The entries below are to be given back exactly, with images excluded.

[Dataset entries]
- Opening Delimiter -

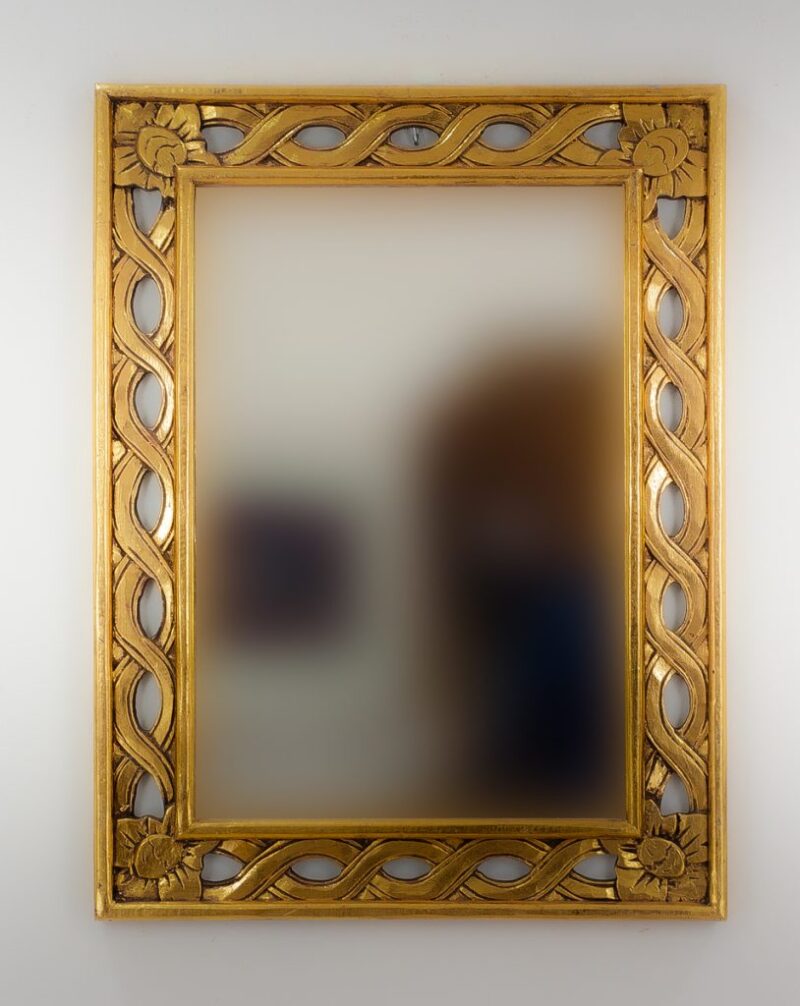Espejo de pared decorativo Tali Bolong Oro (envejecido) de 80cm.
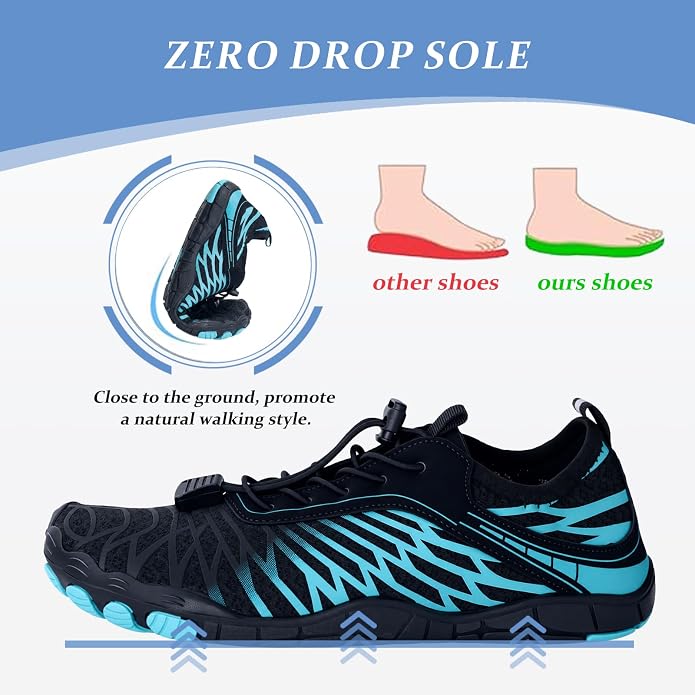 Barefoot Shoes for Women & Men, Grounded Walking Hiking Barefoot Shoes, Wide Toe Box Non-Slip Water Athletic Footwear, Comfortable Vitality Barefoot Footwear, Trail Running Sneakers Unisex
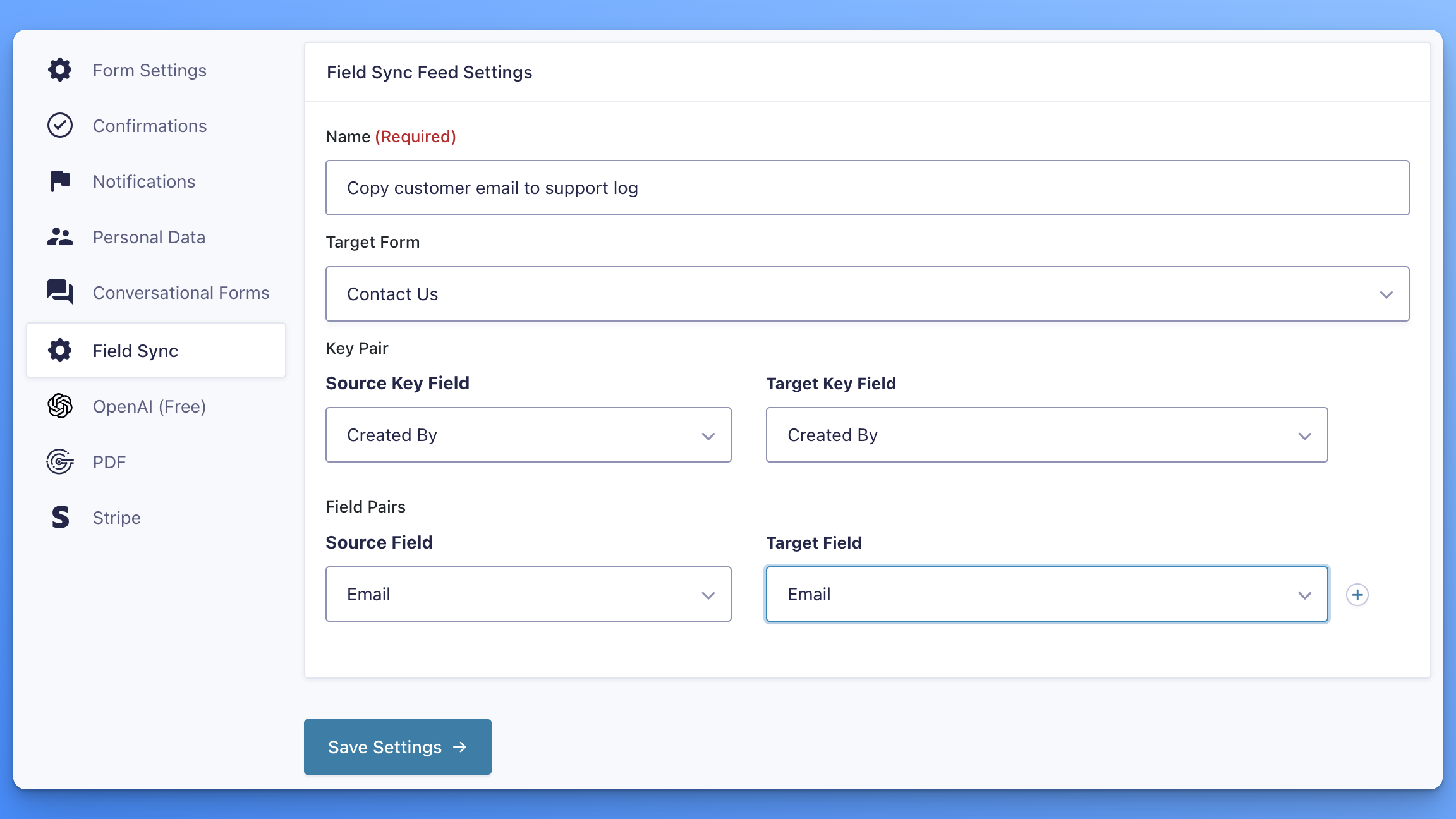 Field sync screen 2 — Field Sync for Gravity Forms screenshot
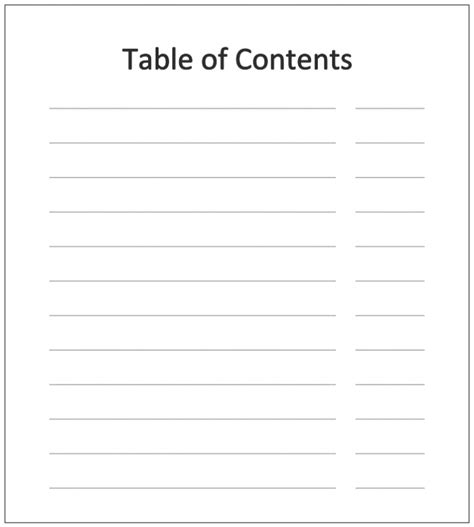 Blank Table Of Contents Template (4) - TEMPLATES EXAMPLE | TEMPLATES ...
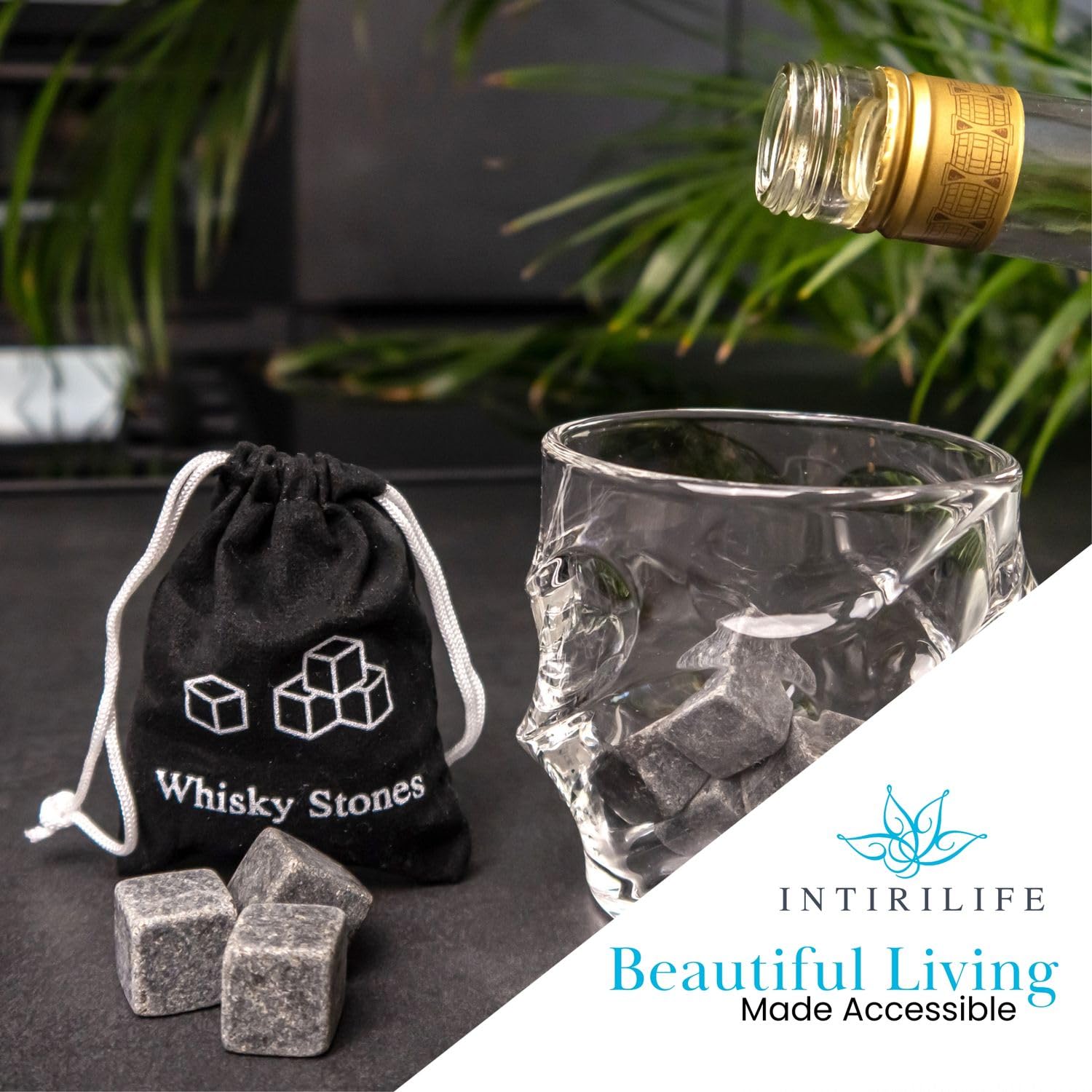 Intirilife Whisky Steine Granit grau 9 Stück 2x2 cm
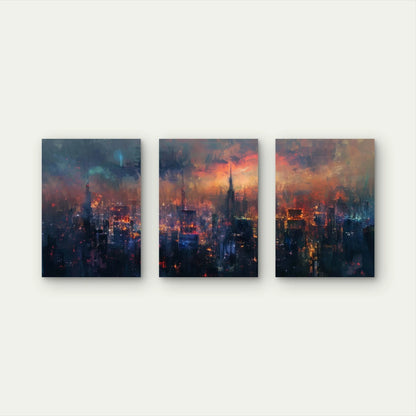 3pcs Blazing Sunset Skies Engulf City Skyline Wall Art Set Canvas Framed 60x90cm - High Quality Print 100% Australian Made Wall Canvas Ready to Hang - Bella Home Decor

- Closing Delimiter -

> [WRITTEN ANSWER]:
Espejo de pared decorativo Tali Bolong Oro (envejecido) de 80cm.
 Barefoot Shoes for Women & Men, Grounded Walking Hiking Barefoot Shoes, Wide Toe Box Non-Slip Water Athletic Footwear, Comfortable Vitality Barefoot Footwear, Trail Running Sneakers Unisex
 Field sync screen 2 — Field Sync for Gravity Forms screenshot
 Blank Table Of Contents Template (4) - TEMPLATES EXAMPLE | TEMPLATES ...
 Intirilife Whisky Steine Granit grau 9 Stück 2x2 cm
 3pcs Blazing Sunset Skies Engulf City Skyline Wall Art Set Canvas Framed 60x90cm - High Quality Print 100% Australian Made Wall Canvas Ready to Hang - Bella Home Decor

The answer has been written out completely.